Note de l’ANASED et de la CNA sur le rôle de la justice en matière commerciale
NOTE
destinée aux rapporteurs et membres de la mission d’information sur le rôle de la Justice en matière commerciale
(Assemblée Nationale)
I – l’ANASED (Association Nationale des Avocats pour la Sauvegarde des Entreprises et leur Développement), comme elle l’avait annoncé lors de son audition le 5 février 2013, a adressé un questionnaire à tous les avocats français, inscrits à un Barreau, à l’adresse électronique de leur Cabinet (ci-joint).
sur ce sondage :
413 questionnaires n’ont pu aboutir, l’avocat n’ayant plus la même adresse électronique en raison de nouvelles adresses non communiquées et de messages d’absence.

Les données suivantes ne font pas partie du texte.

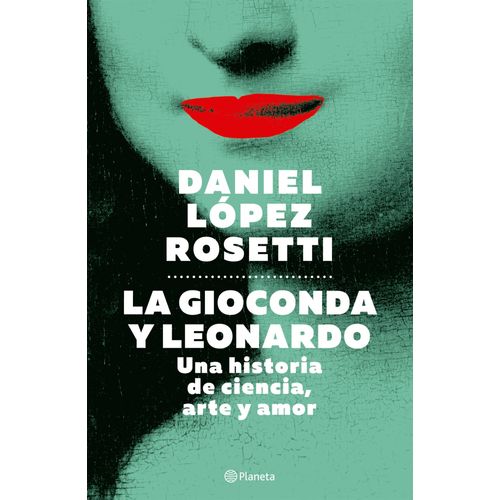 LA GIOCONDA Y LEONARDO - DANIEL LOPEZ ROSETTI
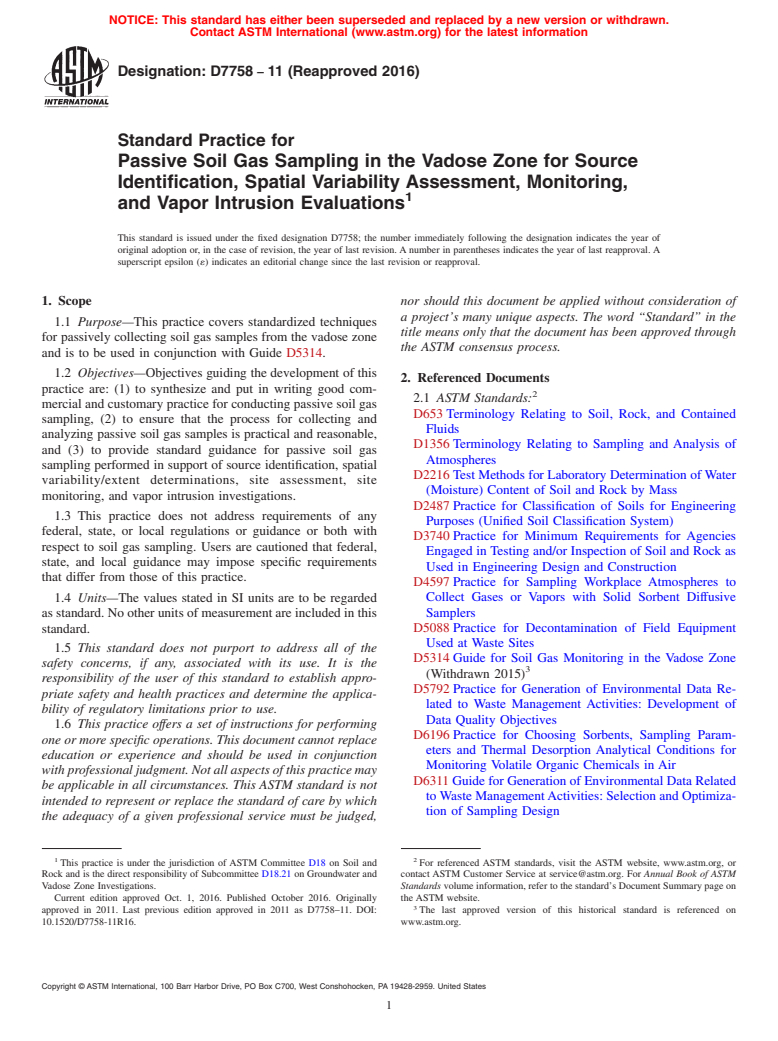 ASTM D7758-11(2016) - Standard Practice for  Passive Soil Gas Sampling in the Vadose Zone for Source Identification,   Spatial Variability Assessment, Monitoring, and Vapor Intrusion Evaluations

Les avocats n’ont pas tous répondu, nombre d’entre eux n’ayant pas d’activité professionnelle relative au droit des entreprises : quelques confrères dans ce cas, avec courtoisie, ont ainsi expliqué qu’ils ne pouvaient répondre utilement.
Enfin, il faut souligner que, seuls les avocats intéressés, en raison de leur spécialisation et leur activité de commercialistes, ont pris le soin de formuler un avis autorisé sur leur pratique habituelle des Tribunaux de Commerce ou de leur Tribunal de Grande Instance écheviné.
Sur ces premiers retours d’informations, l’ANASED exprime quelques remarques générales :
II – la première, indiscutable, c’est que les avocats sont satisfaits de leur juridiction commerciale, qu’elle soit consulaire ou échevinée. Certains ajoutent qu’ils sont très satisfaits des juridictions consulaires et que les greffes de commerce fonctionnent mieux que les greffes civils.
Les jugements sont partout rendus rapidement par toutes les juridictions commerciales.
Il faut souligner que pour les juridictions consulaires importantes, en nombre de magistrats et/ou de décisions rendues, les avocats ayant répondu au questionnaire sont majoritairement contre l’échevinage, qu’ils jugent parfaitement inutile et coûteux.
Cela vise PARIS (forts indices de satisfaction), mais aussi NANTERRE, CRETEIL, BOBIGNY).
De même, TOULOUSE, GRENOBLE, LYON, BORDEAUX, NIMES, MONTPELLIER, CAEN, NICE, MARSEILLE.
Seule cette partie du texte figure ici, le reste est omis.